The HP41 is based round a custom HP processor called a 'NUT'. It's a
bit=-serial device with 56 bit registers and 10 bit instruction word.s
In the HP41 there's 12K words of ROM containing (in part) an interpretter
program. This program interprets user programs which are stored as
sequences of bytes in the user RAM (7 bytes to a 'register'). For
example. according to the quick reference card I've just picked up,
RCL 33 90 21
PI 72
* 42
SIN 59
RTN 85
The numbers on the rigth of each line are the hex codes for the user
program instructions on the left. They are _not_ NUT machine code,
though.
Now synthetic programming is basically creating 'unusual' combinations of
those hex codes. For example, as given in the program above, the RCL
(recall a number for a user data ragister) instruciton takes up 2 bytes.
The first one is $90, the second one encodes the register number. The
HP41 allwos you to enter 4 differnce tpyes of RCL instruciton ;
RCL 00 ... RCL 99 (normal recalls) which are encoded as 90 00 to 90 63
(OK, I am deliberately missing out the 'short form recalls' to avoid
confusing everyone. If you don't understnad this comment, it doesn't matter)
RCL IND 00 ... RCL IND 99 (indirect recalls), encoded as 90 80 to 90 E3.
The high bit of the register number is set to indicate it's an indirect
address
RCL T, RCL Z , RCL Y, RCL X, RCL L (Stack recalls), encoded as 90 70 to
90 74.
RCL IND T ... RCL IND L (indirect stack recalls), encoded as 90 F0 to 90 F4
So far, so good. But of course there are several 'second bytes' not
covered by that. You can't enter such instructions directly from the
machine's keybboard, but what happens if, say, the instuction 90 65 is
exectued? The answere is that it does a RCL 101 (recalls register 101),
in other words the interpretter program doesn't do any range checking.

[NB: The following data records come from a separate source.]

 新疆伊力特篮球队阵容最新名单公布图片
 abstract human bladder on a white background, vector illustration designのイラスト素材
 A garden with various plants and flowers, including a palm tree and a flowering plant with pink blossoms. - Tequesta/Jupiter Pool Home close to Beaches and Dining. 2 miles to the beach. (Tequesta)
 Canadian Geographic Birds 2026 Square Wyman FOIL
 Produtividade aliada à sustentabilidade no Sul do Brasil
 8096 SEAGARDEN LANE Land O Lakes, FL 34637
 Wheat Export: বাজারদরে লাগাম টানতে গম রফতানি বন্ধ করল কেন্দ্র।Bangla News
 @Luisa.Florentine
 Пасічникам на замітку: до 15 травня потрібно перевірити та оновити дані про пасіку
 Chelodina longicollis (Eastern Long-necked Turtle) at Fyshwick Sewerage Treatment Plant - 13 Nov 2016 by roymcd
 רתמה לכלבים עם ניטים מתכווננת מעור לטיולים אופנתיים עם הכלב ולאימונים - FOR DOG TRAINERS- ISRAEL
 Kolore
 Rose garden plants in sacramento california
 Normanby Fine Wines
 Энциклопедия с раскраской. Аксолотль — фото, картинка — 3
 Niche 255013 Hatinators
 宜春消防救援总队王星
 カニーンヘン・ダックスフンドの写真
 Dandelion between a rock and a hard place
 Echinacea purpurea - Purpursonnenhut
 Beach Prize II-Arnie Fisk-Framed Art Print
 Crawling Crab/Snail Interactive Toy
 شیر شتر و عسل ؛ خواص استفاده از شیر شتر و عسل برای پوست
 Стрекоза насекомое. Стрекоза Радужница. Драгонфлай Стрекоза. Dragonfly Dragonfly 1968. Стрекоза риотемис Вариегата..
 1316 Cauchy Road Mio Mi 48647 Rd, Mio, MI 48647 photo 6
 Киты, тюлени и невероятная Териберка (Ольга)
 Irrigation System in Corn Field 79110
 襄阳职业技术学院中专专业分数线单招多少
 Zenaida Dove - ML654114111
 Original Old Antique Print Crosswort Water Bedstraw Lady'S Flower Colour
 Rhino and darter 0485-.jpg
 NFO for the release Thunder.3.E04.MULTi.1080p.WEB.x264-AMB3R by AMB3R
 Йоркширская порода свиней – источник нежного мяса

This is nice (normally the only way to access register 101 is to use an
indirect addresss, but it's not essential.
More interesting, though are 90 75 to 90 7F (and their indirect
equivalents). The thing is that the 5 stack registers, whuch can be
accessed using the second bytes 70-74 are actually the first 5 registers
of a 16 register area (on the very first HP41Cs it was a sepeate RAM
chip) called the 'status registers'. Other registers in that area incude
the user text (Alpha) register (4 actuall registers long), the
user/system flag regsister, user prgoram subroutine stack, and so on.
Now, amaxingly, 90 75 to 90 7F recall those registers (and, since 91 is a
the code for a STO (Store) instruction, 91 75 to 91 7F let you store
things in said registers. So you can change normally protected flags,
fiddle around with the Alpha register, and so on -- things you cna't do
any docuemtned way.
The only problem is entriing those extra instructions. You can't type
them on a normal HP41 keyboard. Synthetic programming is basically the
techniques for entering them. One trick is to make up the seqeucne of
bytes you want using 2 other instructions, like this :
RCL IND 17 90 91
RDN 75
Both those lines can be entered normally. And then, by exploiting a bug
in the HP41's ROMs, 'grab' the first byte of the first instrucion,
whereupon it ebcomes part of a text string in the program. You are then
left with the seqeunct 91 75 in program memory. Delete said text string,
and you have the instruction you want.
So yesy, you can do this on an unmodified HP41 (any model. but it doens't
work on the HP41 emulator for the HP71, or on the HP42S). But it's not
true machine code.
-tony